Research publication by pharmacist authors in major medical journals: changes over a 10-year interval.

Pharmacotherapy 2008 May;28(5):584-90

Department of Pharmacy Practice, College of Pharmacy, University of Illinois at Chicago, Chicago, Illinois, USA.

Study Objective: To determine the degree to which pharmacists were involved in major clinical research publications in 1993 and 2003, and to compare the difference in publication rates by pharmacists between these 2 years.

Design: Retrospective analysis.

Data Source: Thirty-seven medical journals that had high readership, had a focus on original research, were clinically oriented, and were highly regarded by the research community.
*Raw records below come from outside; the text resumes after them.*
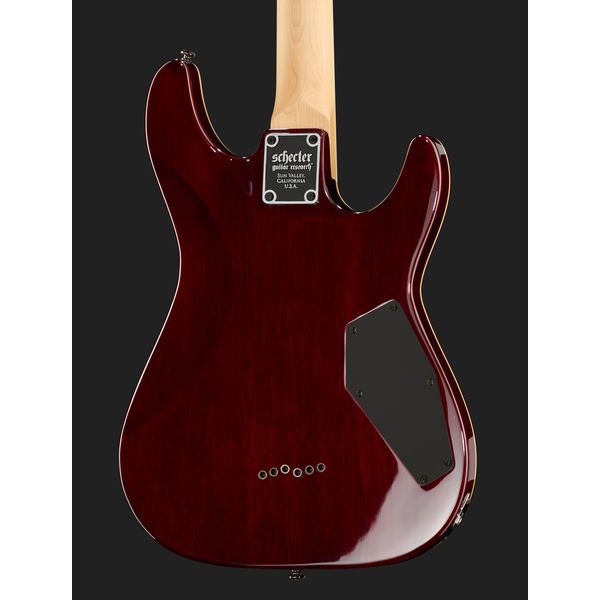 Schecter Omen Extreme 6 BCH LH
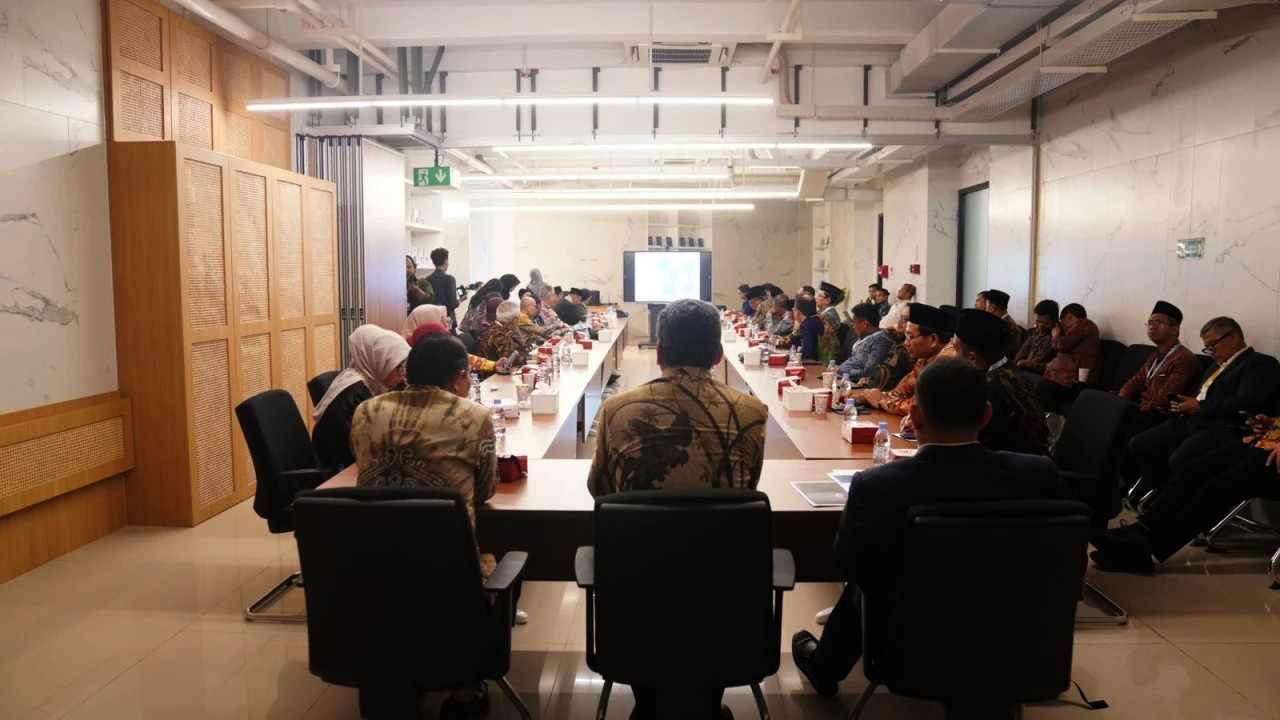 Kemenag Tegaskan Komitmen Jadikan PTKIN Berkelas Dunia di AICIS+ 2025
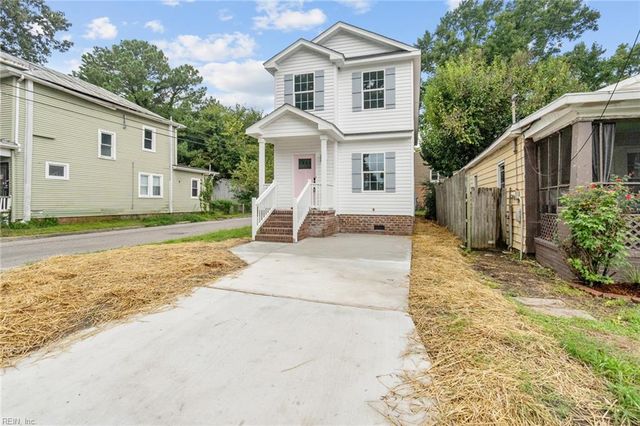 2124 Pearl ST, Portsmouth, VA 23704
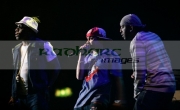 BELFAST,-UNITED-KINGDOM-_-JANUARY-28:-Coolio-left-band-performs-at-the-Odyssey-Arena-on-January-28,-2009-in-Belfast,-Northern-Ireland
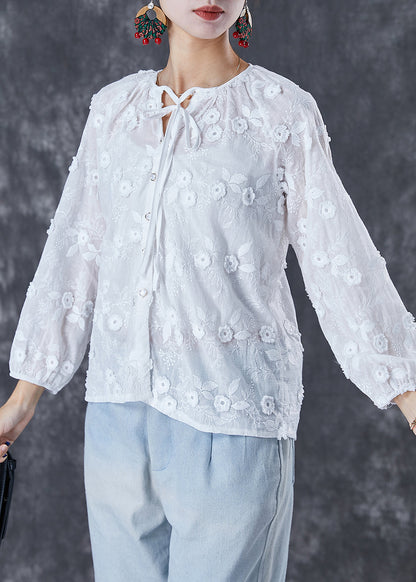 Sophisticated Top with a Clean Classic Look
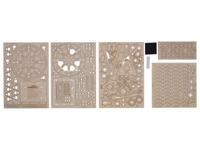 crelando Houten knutselset (Reuzenrad)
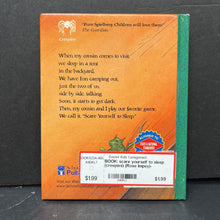 Load image into Gallery viewer, scare yourself to sleep (creepies) (Rose Impey)- hardcover
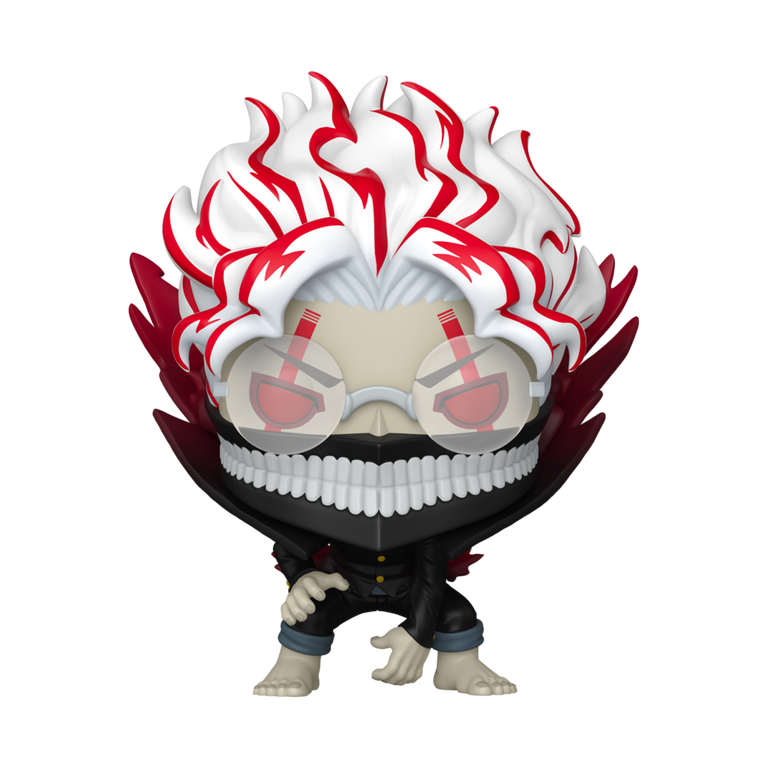 dande popo☆ Funko POP! Animation: Dandadan Okarun (or Chase) 4.4-in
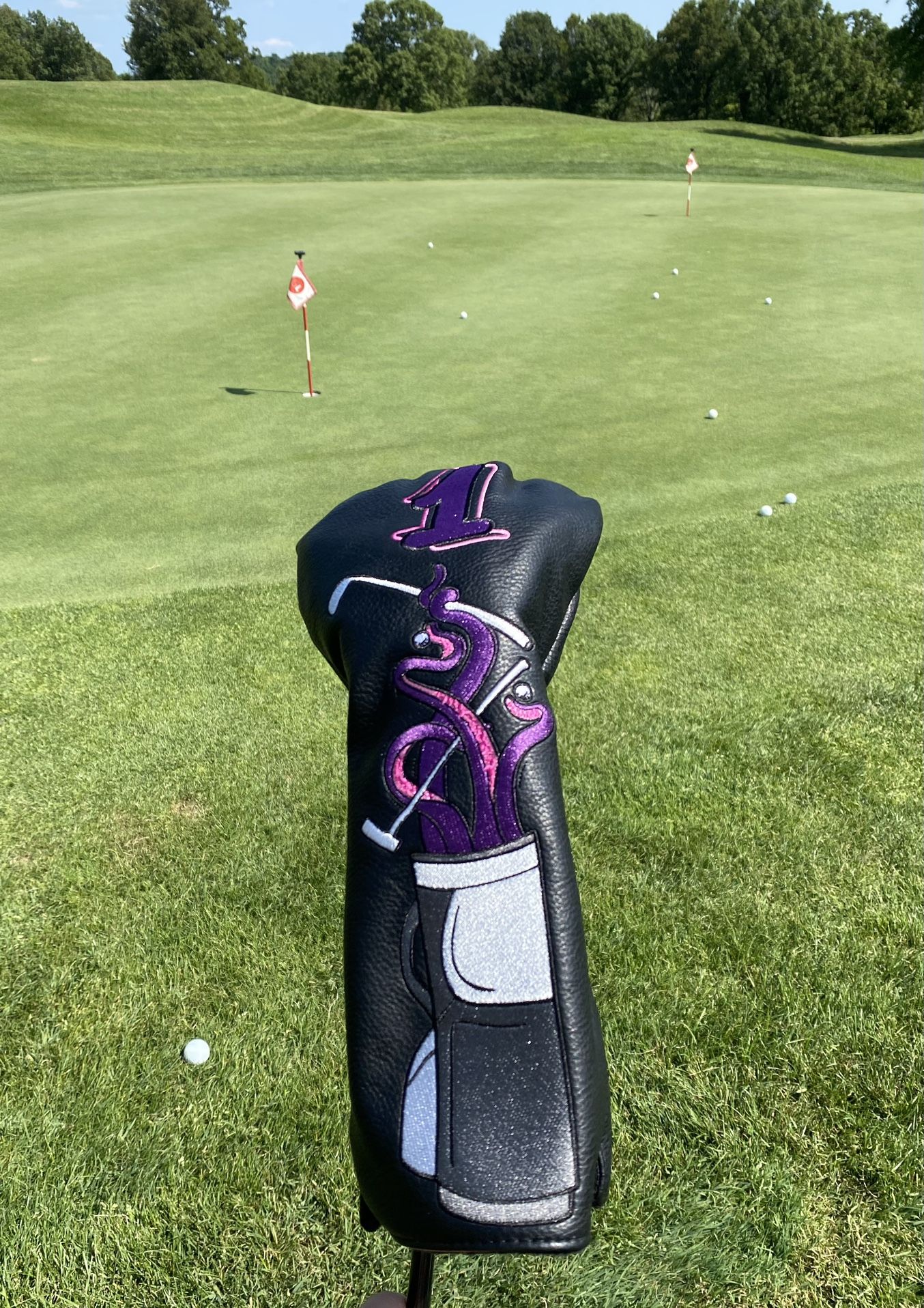 Driver Headcover 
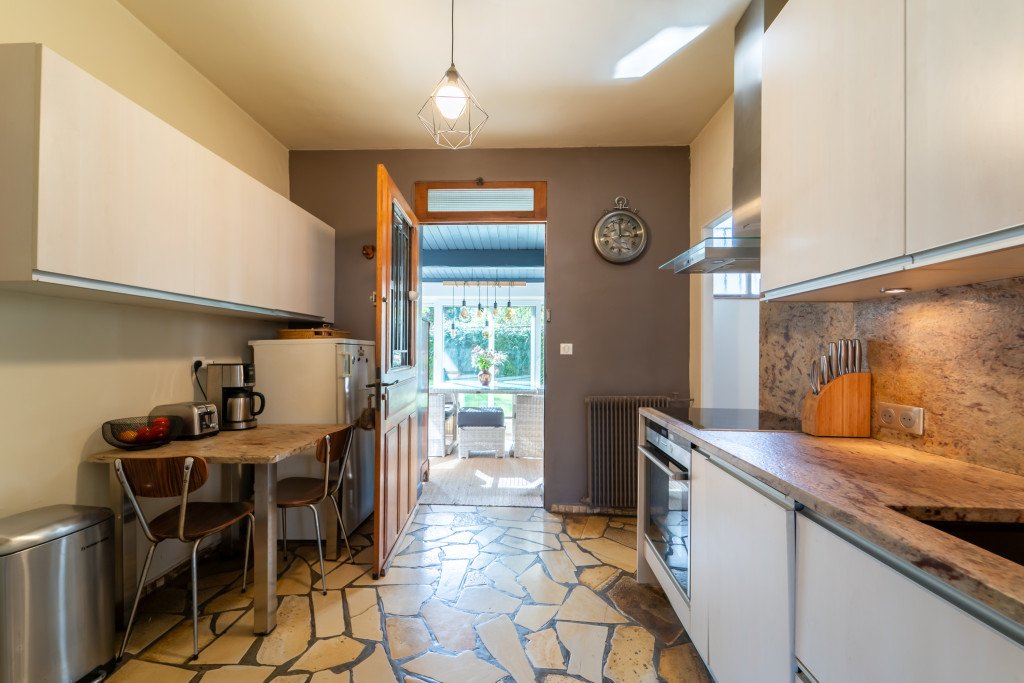 Maison avec jardin et véranda en région parisienne – photo 6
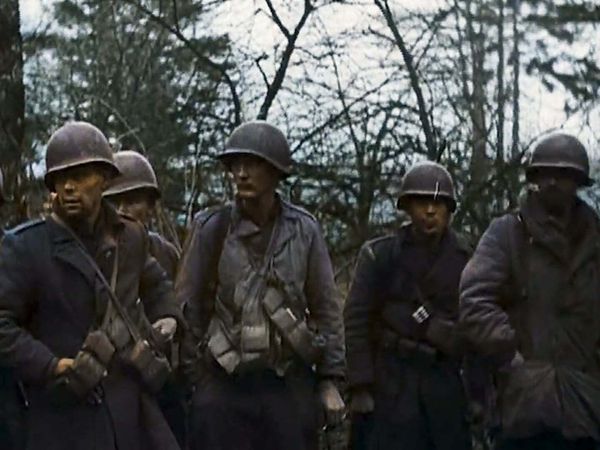 WWII In Color: From D-Day to Nazi Downfall - Der Alde Fritz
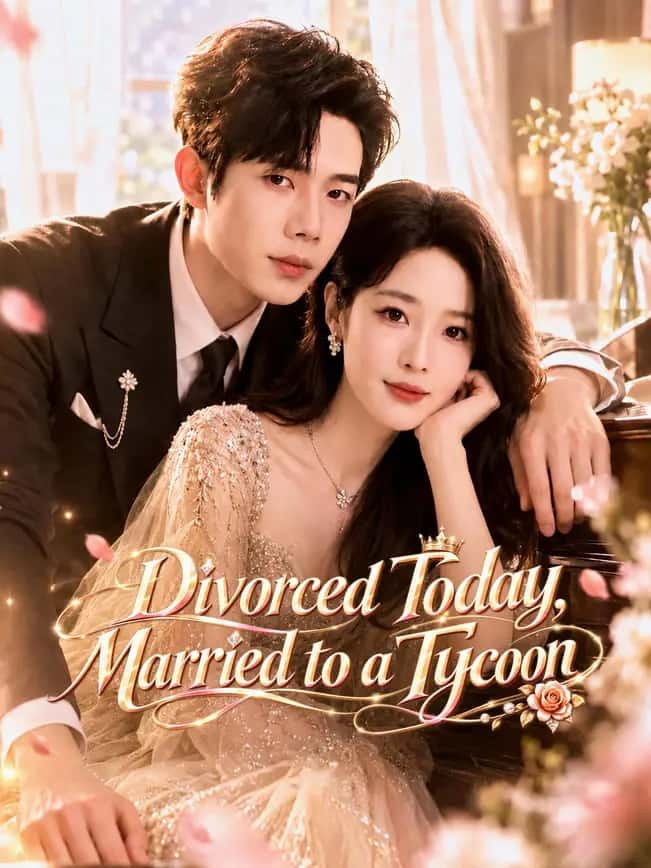 Poster of Divorced Today, Married to a Tycoon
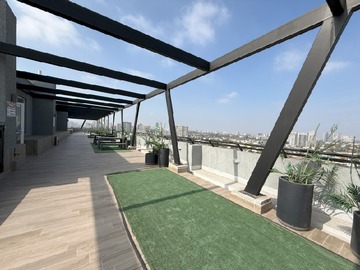 Departamento en venta en Santa genoveva, Quinta Normal - 2 dormitorios, 1 baño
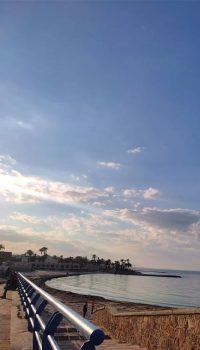 Tourisme Corniche Monastir Tunisie 1 Blog Etnafes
Measurements And Main Results: Selection of the medical journals was first determined by those having the highest impact factors. Then journals with regular publication of original clinical research and listings of authors' degrees or licensure were included. All original research articles in these journals were reviewed for both 1993 and 2003. The primary outcome was the presence of a pharmacist as an author of one of their research articles in each of those 2 years. For those articles, the following data were collected: study subjects, study design, authors' affiliations, source of research funding, and position of author (first and/or corresponding). The primary outcome was analyzed by using multivariate logistic regression analysis. Other outcomes were compared between 1993 and 2003 by using a chi(2) test. The number of clinical research articles identified was 8127 in 1993 and 8793 in 2003. The median (mean, interquartile range) number of authors/article increased from 5 (5.3, 3-7) in 1993 to 6 (6.6, 4-8) in 2003 (p<0.01). There were 191 pharmacist-authored papers (2.4%) in 1993, compared with 271 (3.1%) in 2003, for a relative increase of 29.2%. Adjusting for the increase seen in the number of authors during that period, the odds ratio that a pharmacist was an author in 2003 compared with 1993 was 1.26 (95% confidence interval 1.04-1.53). Most (94.2%) pharmacist-authored papers described studies involving human subjects. The proportion of clinical pharmacists (but not the number) serving as the primary author declined over time, from 36.6% (70/191) in 1993 to 27.3% (74/271) in 2003 (p=0.041). The most frequent funding sources were industry (from 38.2% in 1993 to 39.5% in 2003) and federal (from 25.1% in 1993 to 31.4% in 2003); however, the differences were not statistically significant.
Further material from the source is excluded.